*AIM OF THE TASK:*
Return exactly, with nothing added, the lines from the one that contains "VOLKSWAGEN up! 2012" through the end of the listing below, pictures excluded.

*GIVEN MATERIAL:*
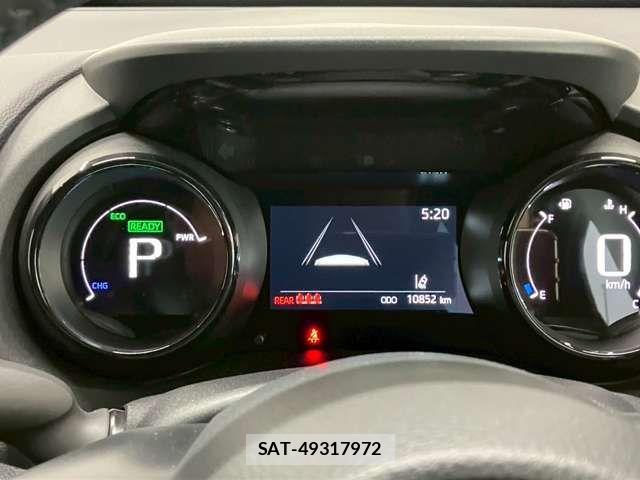 Toyota YARIS 2023-08 6678942-12
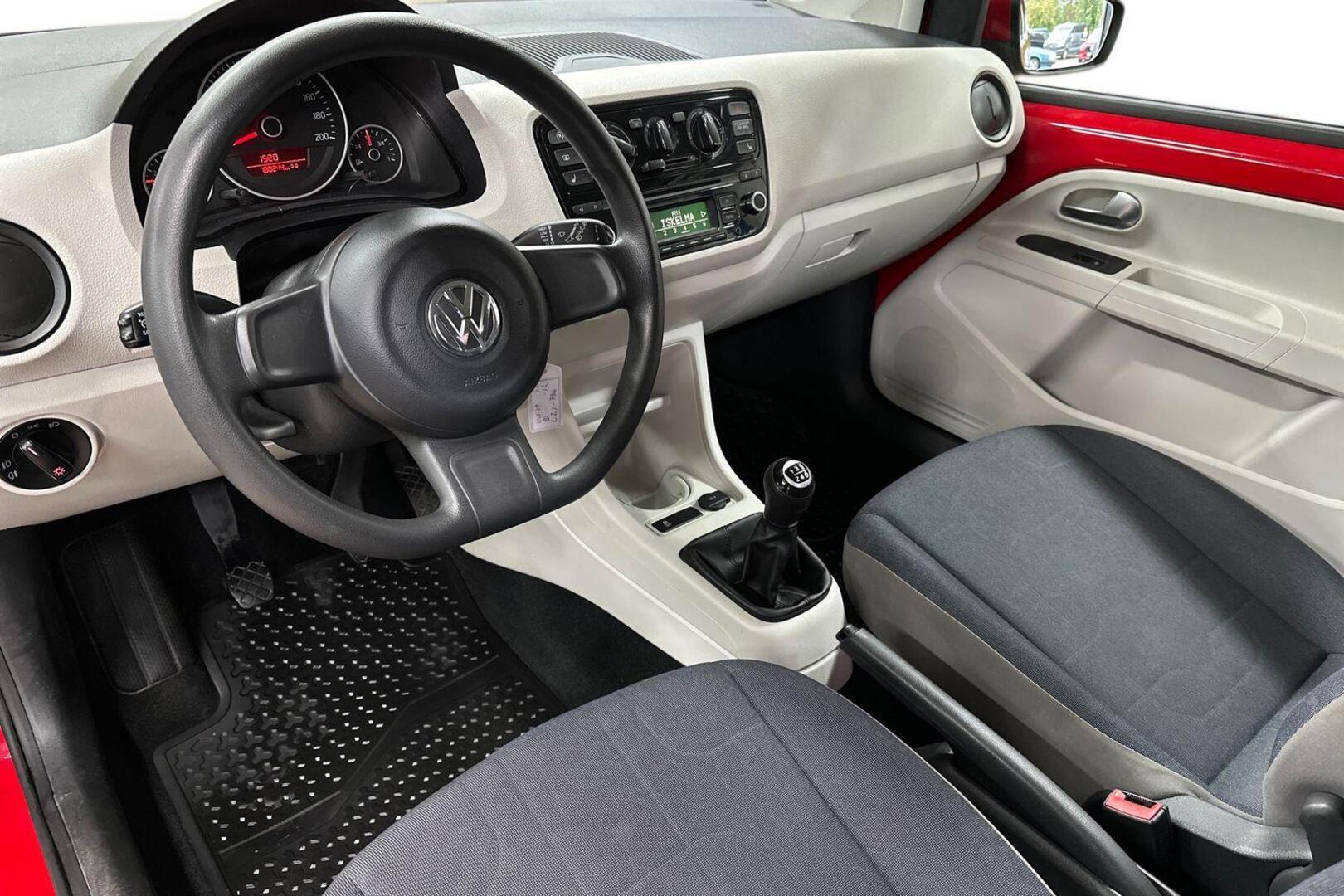 VOLKSWAGEN up! 2012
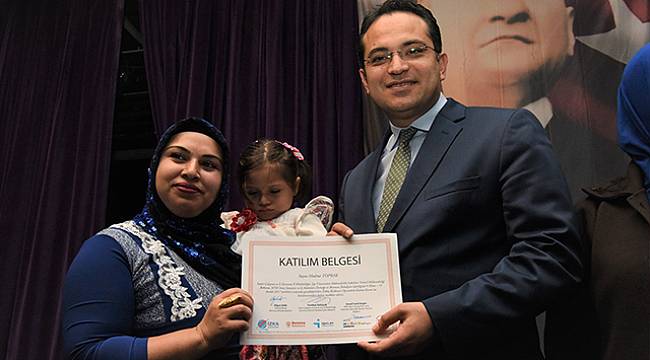 Bornova’da Kadınlar Önce Öğreniyor Sonra Üretiyor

*RESPONSE BELOW:*
 VOLKSWAGEN up! 2012
 Bornova’da Kadınlar Önce Öğreniyor Sonra Üretiyor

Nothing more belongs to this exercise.